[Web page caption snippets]
BEGIN

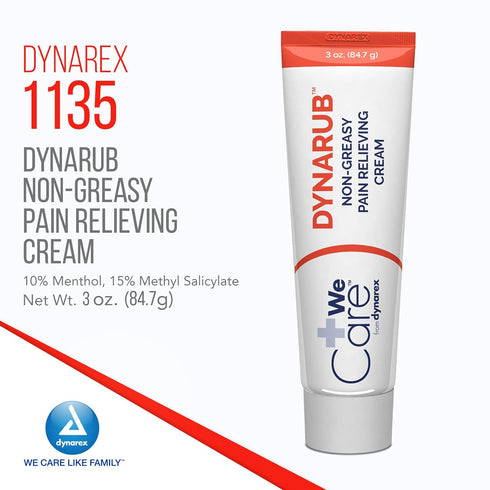 Dynarex DynaRub Cream - Mentholated Topical Muscle Pain Relief Cream, 10% Menthol, 15% Methyl Salicylate - 3oz, 1 Tube,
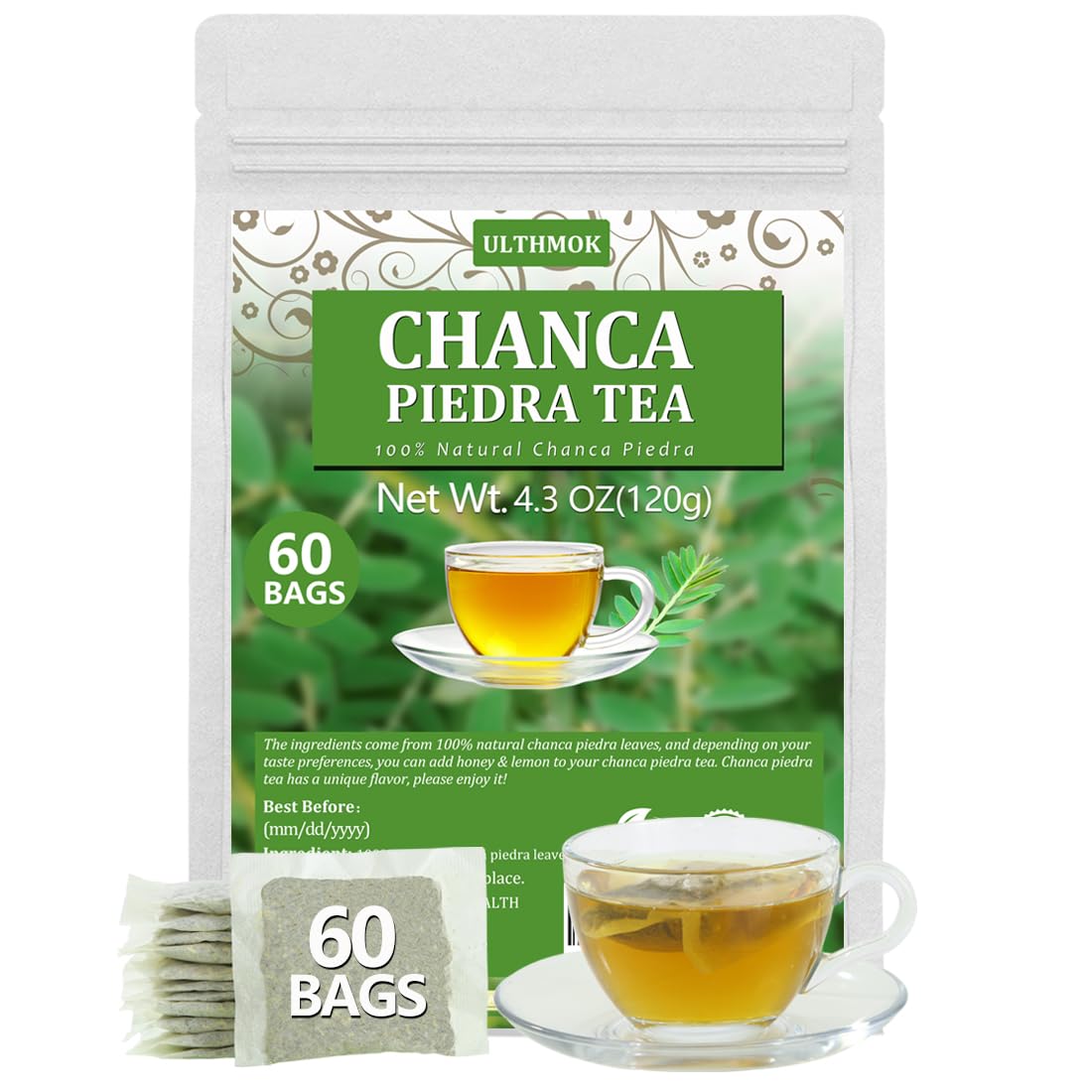 60 Top-Grade Chanca Piedra Leaf Tea Bags Stonebreaker/Stone Breaker Tea Made With 100% Natural Chanca Piedra Leaves No Additives & Energy Blend Free.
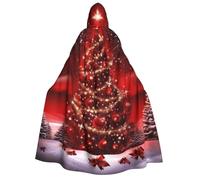 NSDdefAWCGT 59 Inch Cloak with Hood for Men Women Red Christmas Tree Hooded Cape Cloak Unisex Halloween Witch Vampire Cosplay Costume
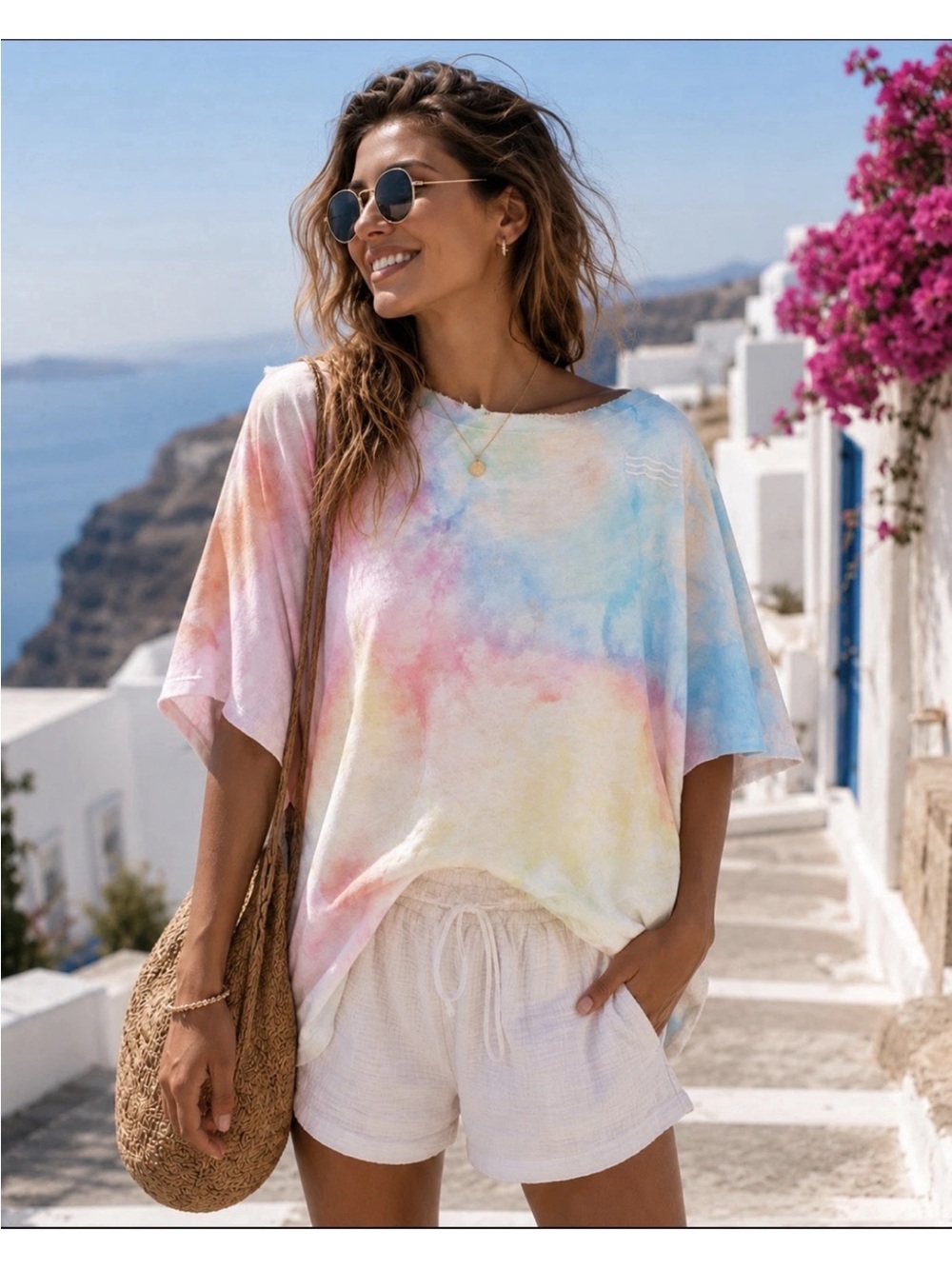 Sol Angeles Watercolor Slouch Pullover Size Small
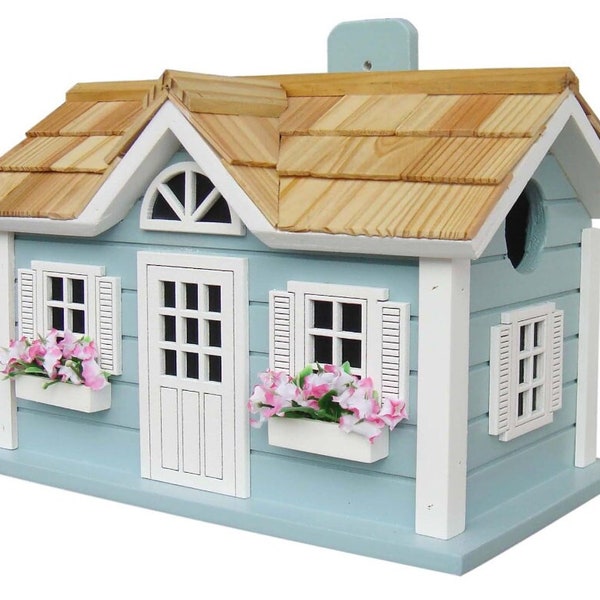 Handmade Nantucket Cottage Blue Bird House - Bird-Friendly Home Decor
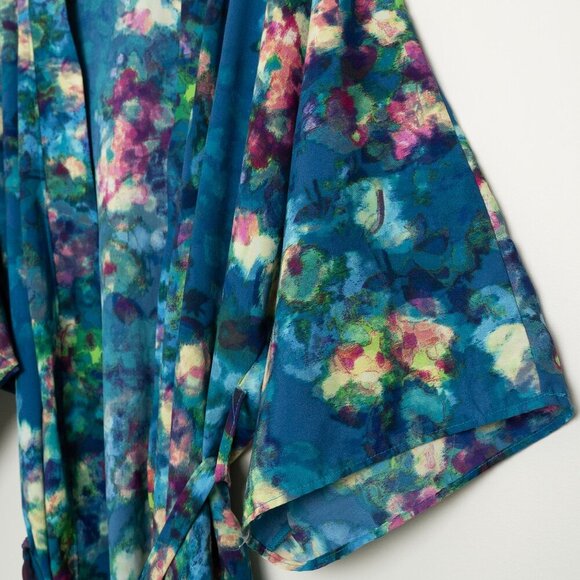 ✨ Smash + Tess Kimono Robe Crepe Kimonette Duster Blue Print Floral - Picture 8 of 15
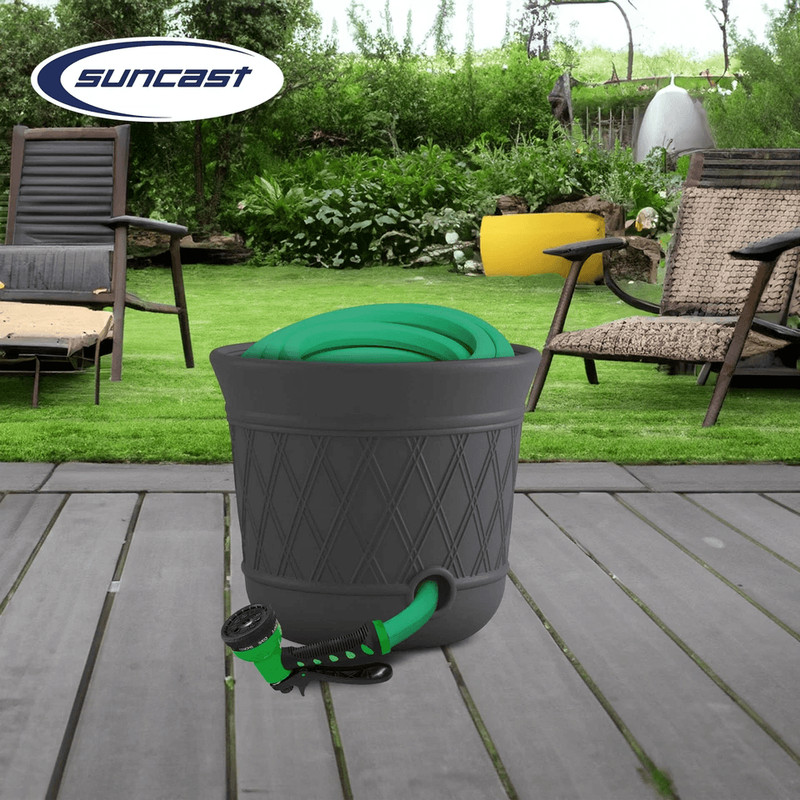 Suncast Gray Resin Decorative Garden Hose Storage Pot Outdoor Hideaway Hose Holder With Drainage Ho 1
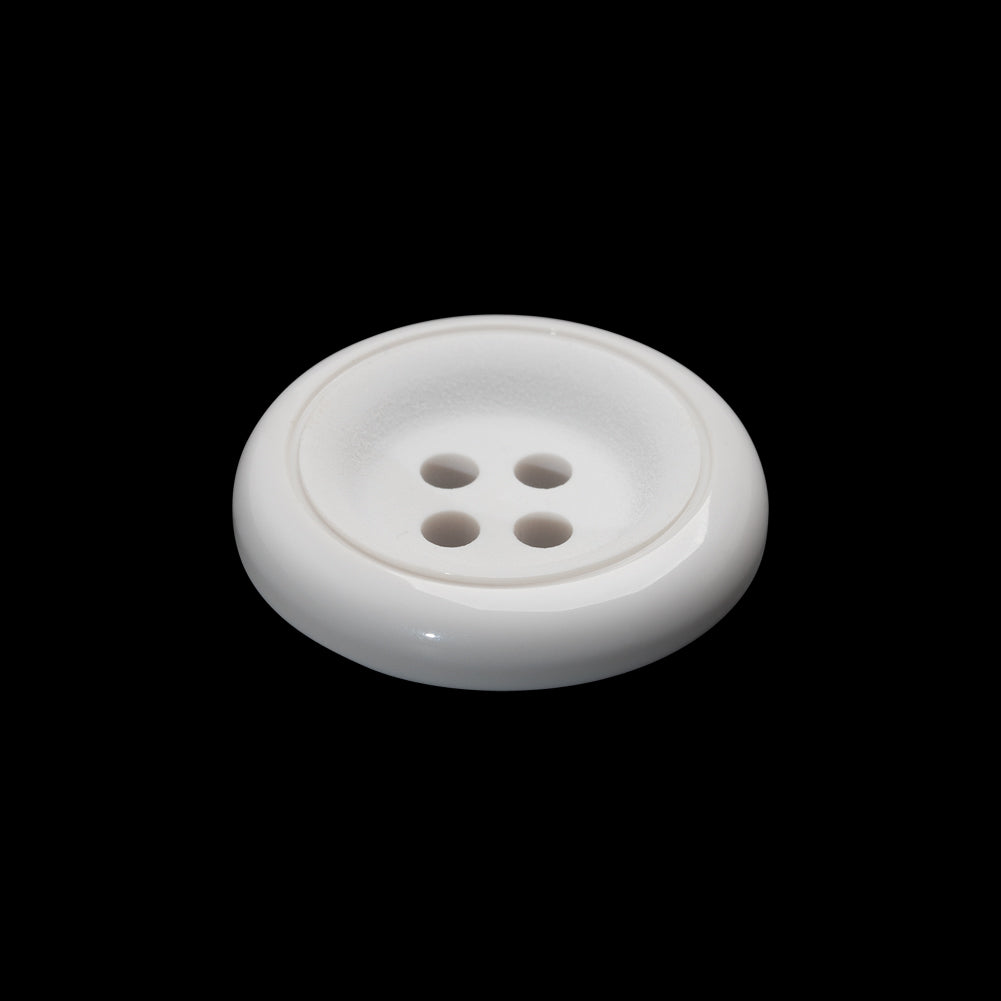 Plastic 4-Hole Button - 36L/23mm - White Tire Rim with Engraved Ring Plastic 4-Hole Button - 36L/23mm - White Tire Rim with Engraved Ring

END

Please print exactly the lines from the one holding "Sol Angeles Watercolor" through the final line of the data above, including both, and skip all pictures.

 Sol Angeles Watercolor Slouch Pullover Size Small
 Handmade Nantucket Cottage Blue Bird House - Bird-Friendly Home Decor
 ✨ Smash + Tess Kimono Robe Crepe Kimonette Duster Blue Print Floral - Picture 8 of 15
 Suncast Gray Resin Decorative Garden Hose Storage Pot Outdoor Hideaway Hose Holder With Drainage Ho 1
 Plastic 4-Hole Button - 36L/23mm - White Tire Rim with Engraved Ring Plastic 4-Hole Button - 36L/23mm - White Tire Rim with Engraved Ring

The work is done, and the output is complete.